No question could have been less welcome, and I swiveled toward Vera.
“What an awful question,” she said. “Leave the boy alone, Gore.”
“He isn’t in Vietnam because he’s in Capri,” said Grant, crushing a piece of bread into the sauce on his plate. “It’s one of the laws of physics. If you’re here, you can’t be there.”
“I liked Vietnam in the fifties,” said Greene, intercepting Vidal. “Met Ho Chi Minh once, a sly little chap. Yellow toenails. Rather clever.” He swept everyone’s attention into a small bag. “Amusing, too. Spoke lovely French—the old boy studied in Paris. He arranged for me to fly over Hanoi in a small plane during the French war. There was rocket fire, and it grazed one wing, but I never really thought we’d go down. I wouldn’t try it now. The North Vietnamese have extremely accurate ground-to-air missiles, I’m told. Russian-made. Quite deadly.”
“You were never in a plane over Hanoi,” said Vidal. “That must come from one of your books.”
Greene relished this challenge. “Nonsense, Gore. I’ve been over Hanoi a number of times, in various aircraft. I quite liked Hanoi—some charming old colonial architecture. The Americans will see to that, I suppose.”
“Did you visit the opium dens?” Vidal asked.
Greene nodded. “And the brothels. I’d go back in a second.”
“Tell Mr. Nixon. He’s looking for a few good men. Put you right up front with the infantry.”
“I’d be fighting for the other side, I’m afraid.”
“No wonder
they never gave you the Nobel, Graham,” Grant observed.
“I don’t want their bloody prize.”
“Neither do I,” said Vidal. “I already belong to the Diner’s Club.”
“Richard Nixon is a butcher,” said Greene, still obsessing over Vidal’s previous remark. “He belongs in a meat factory, not the Oval Office.”

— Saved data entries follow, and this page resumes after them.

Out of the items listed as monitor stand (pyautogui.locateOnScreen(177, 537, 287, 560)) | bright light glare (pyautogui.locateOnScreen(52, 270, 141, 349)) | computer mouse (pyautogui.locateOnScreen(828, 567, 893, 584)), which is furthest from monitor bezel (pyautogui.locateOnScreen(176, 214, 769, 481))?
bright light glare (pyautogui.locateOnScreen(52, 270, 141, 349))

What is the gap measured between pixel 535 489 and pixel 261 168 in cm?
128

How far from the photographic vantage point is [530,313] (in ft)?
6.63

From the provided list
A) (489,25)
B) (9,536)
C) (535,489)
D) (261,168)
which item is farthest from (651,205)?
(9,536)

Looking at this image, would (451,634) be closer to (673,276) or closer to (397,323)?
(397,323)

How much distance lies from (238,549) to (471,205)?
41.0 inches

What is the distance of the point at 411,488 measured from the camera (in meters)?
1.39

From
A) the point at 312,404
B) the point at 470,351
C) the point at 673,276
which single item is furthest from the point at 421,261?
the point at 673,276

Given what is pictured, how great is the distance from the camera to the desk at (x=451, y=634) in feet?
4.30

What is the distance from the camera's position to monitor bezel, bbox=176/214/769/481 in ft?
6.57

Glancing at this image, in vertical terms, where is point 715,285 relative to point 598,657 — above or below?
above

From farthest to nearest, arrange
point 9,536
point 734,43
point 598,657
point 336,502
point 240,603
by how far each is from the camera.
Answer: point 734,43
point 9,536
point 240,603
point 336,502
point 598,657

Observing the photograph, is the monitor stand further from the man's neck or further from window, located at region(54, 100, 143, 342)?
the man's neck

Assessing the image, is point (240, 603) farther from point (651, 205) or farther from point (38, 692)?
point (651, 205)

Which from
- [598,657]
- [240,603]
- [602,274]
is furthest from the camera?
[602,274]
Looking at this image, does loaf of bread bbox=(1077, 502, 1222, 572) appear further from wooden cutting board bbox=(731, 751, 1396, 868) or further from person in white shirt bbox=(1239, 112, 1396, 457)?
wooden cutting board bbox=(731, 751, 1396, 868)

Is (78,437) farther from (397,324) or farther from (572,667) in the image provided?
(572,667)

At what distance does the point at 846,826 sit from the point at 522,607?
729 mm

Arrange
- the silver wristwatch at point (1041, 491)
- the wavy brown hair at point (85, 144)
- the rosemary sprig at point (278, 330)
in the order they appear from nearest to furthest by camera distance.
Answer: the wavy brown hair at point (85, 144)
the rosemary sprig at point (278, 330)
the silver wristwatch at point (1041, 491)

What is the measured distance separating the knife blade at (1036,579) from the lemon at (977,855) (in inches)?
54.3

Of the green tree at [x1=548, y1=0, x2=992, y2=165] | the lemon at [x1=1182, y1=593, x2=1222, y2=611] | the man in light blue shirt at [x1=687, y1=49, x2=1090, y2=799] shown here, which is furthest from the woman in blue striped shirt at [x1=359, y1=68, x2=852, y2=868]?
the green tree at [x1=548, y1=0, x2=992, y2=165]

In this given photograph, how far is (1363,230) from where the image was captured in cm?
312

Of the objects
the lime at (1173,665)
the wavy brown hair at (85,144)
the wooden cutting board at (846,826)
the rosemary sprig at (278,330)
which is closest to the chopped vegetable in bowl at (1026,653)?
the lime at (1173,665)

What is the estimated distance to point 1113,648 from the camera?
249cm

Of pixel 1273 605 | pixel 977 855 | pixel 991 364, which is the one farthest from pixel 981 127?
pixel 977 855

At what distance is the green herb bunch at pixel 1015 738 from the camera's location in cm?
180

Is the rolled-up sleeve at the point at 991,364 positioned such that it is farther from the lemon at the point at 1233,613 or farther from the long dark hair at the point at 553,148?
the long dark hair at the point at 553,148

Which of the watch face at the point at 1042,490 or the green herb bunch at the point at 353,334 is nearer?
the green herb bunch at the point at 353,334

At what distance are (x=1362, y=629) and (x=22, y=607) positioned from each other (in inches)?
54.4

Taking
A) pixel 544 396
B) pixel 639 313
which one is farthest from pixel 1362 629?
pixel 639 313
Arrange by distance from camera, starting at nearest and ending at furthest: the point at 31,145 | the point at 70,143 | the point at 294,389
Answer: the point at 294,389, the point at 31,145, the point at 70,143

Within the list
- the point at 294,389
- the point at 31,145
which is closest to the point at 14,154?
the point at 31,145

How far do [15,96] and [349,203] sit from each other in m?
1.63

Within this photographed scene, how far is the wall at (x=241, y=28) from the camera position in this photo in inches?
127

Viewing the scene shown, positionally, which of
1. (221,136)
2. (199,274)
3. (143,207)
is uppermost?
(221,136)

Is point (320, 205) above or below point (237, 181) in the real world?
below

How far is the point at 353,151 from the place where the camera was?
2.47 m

“Gore knows a lot about meat factories,” said Austen, lighting another cigarette. A gold chain glistened on his neck.
“Be quiet, Howard.”
“Fuck you,” said Austen, smiling.
Grant shifted uneasily, stretching his back. “I can see no reason to object to this intervention on the part of your country, Lorenzo,” he said, looking directly at me. “Someone has to stand up for something. It’s a bloody awful world.”

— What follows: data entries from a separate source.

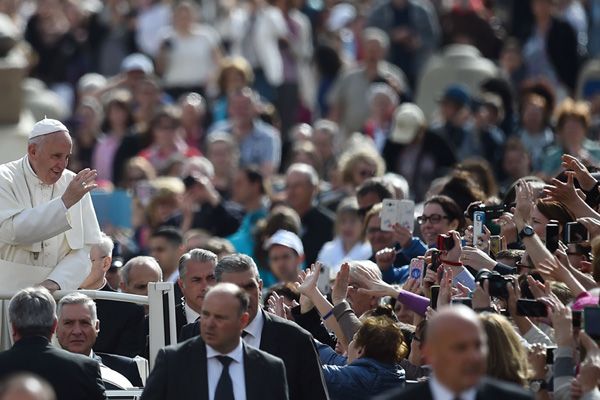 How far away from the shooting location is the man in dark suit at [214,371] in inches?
403

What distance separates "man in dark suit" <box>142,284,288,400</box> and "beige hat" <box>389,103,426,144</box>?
9.80 metres

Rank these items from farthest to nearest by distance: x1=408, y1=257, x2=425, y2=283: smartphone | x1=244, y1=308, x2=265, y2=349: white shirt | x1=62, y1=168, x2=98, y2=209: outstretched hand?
1. x1=408, y1=257, x2=425, y2=283: smartphone
2. x1=62, y1=168, x2=98, y2=209: outstretched hand
3. x1=244, y1=308, x2=265, y2=349: white shirt

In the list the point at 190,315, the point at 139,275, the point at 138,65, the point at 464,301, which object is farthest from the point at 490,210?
the point at 138,65

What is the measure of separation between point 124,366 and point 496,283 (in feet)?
8.83

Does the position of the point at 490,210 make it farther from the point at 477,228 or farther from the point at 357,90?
the point at 357,90

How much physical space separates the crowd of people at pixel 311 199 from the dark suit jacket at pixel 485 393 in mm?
12

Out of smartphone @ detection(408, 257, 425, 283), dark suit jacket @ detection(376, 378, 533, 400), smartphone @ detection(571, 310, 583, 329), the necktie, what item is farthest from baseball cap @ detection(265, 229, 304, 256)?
dark suit jacket @ detection(376, 378, 533, 400)

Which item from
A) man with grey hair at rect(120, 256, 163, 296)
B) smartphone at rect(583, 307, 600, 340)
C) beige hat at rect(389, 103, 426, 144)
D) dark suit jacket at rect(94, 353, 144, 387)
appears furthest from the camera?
beige hat at rect(389, 103, 426, 144)

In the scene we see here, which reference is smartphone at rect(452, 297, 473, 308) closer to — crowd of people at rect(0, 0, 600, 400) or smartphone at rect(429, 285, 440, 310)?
crowd of people at rect(0, 0, 600, 400)

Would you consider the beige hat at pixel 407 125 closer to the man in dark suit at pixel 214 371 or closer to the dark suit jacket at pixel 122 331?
the dark suit jacket at pixel 122 331

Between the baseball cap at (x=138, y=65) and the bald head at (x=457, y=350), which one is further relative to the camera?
the baseball cap at (x=138, y=65)

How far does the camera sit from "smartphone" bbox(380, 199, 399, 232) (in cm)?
1411

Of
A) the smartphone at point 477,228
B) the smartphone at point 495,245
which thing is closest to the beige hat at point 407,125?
the smartphone at point 495,245

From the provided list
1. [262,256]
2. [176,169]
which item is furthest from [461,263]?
[176,169]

“Pax Americana, is that it?” Greene said. He chewed and talked at the same time. “You sound more and more like Kipling, Rupert. If you’re not careful, they will appoint you Poet Laureate. No one has survived that fate, and that includes Tennyson.”
“Tennyson bores me, but I don’t mind Kipling,” said Vidal. “The Man Who Would Be King—now that’s a story I wish I’d written.”

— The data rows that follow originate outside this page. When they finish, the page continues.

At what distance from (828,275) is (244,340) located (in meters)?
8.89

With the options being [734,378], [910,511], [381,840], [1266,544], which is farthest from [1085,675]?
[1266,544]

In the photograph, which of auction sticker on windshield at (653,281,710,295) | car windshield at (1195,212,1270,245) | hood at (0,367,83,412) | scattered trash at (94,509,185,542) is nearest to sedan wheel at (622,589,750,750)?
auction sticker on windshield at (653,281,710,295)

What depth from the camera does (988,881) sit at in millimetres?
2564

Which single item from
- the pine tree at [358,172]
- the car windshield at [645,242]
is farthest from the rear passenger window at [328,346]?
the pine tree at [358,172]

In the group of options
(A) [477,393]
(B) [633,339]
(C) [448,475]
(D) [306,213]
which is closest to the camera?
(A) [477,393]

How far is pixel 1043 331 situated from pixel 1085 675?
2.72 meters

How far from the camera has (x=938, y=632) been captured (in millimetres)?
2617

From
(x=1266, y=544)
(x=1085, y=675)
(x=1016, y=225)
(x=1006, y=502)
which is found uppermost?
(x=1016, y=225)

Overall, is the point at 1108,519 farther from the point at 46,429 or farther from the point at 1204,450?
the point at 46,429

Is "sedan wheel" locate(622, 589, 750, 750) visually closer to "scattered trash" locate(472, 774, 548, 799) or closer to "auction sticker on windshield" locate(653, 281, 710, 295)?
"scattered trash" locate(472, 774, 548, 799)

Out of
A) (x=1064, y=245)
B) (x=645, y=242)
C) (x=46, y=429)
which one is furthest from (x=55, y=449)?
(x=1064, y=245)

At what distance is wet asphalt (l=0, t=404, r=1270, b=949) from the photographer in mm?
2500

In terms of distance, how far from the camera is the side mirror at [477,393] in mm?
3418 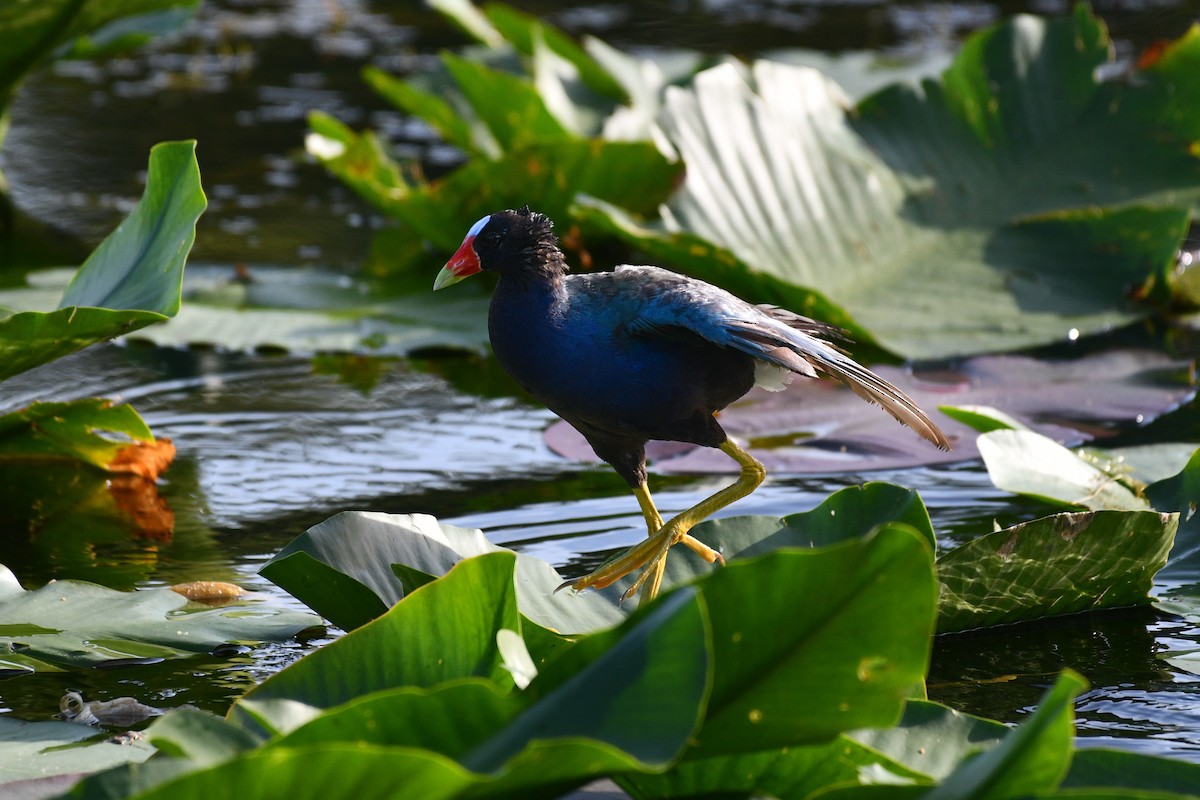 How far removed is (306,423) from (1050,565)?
5.85 ft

“I was talking to Rupert,” said Greene.
Grant sipped his wine before talking—a way of controlling the pace of the conversation. “Grew up on Kipling,” he said, side-stepping Greene. “First writer I ever really knew. Still go back to the early stories, Plain Tales from the Hills. Swift, clean, sturdy.”
“I like the Just So Stories,” said Holly.
“Me, too,” said Greene, “but Kipling was a jingo, nonetheless. Rather an embarrassment at the end. The belief in empire, and so forth. A thing of the past, even then. Only America seems bent on acquiring one now. Shopping around for jewels to place in their crown. Talk about falling dominoes.”
Grant was shaking his head. “You’ve been hoodwinked, Graham,” he said. “You don’t mean to tell me that the Americans actually want to control Vietnam? Why would anyone bother? It’s a wretched place. No oil, no precious metals—not that I’m aware of.”